Exercise directions: Return the records below word for word.

Material provided:
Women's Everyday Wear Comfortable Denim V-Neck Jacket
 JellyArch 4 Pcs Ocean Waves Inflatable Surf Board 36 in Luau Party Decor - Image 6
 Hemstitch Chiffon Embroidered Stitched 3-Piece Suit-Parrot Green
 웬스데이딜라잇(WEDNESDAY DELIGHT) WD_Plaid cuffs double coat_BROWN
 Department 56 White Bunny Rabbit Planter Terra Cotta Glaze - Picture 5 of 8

Result:
Women's Everyday Wear Comfortable Denim V-Neck Jacket
 JellyArch 4 Pcs Ocean Waves Inflatable Surf Board 36 in Luau Party Decor - Image 6
 Hemstitch Chiffon Embroidered Stitched 3-Piece Suit-Parrot Green
 웬스데이딜라잇(WEDNESDAY DELIGHT) WD_Plaid cuffs double coat_BROWN
 Department 56 White Bunny Rabbit Planter Terra Cotta Glaze - Picture 5 of 8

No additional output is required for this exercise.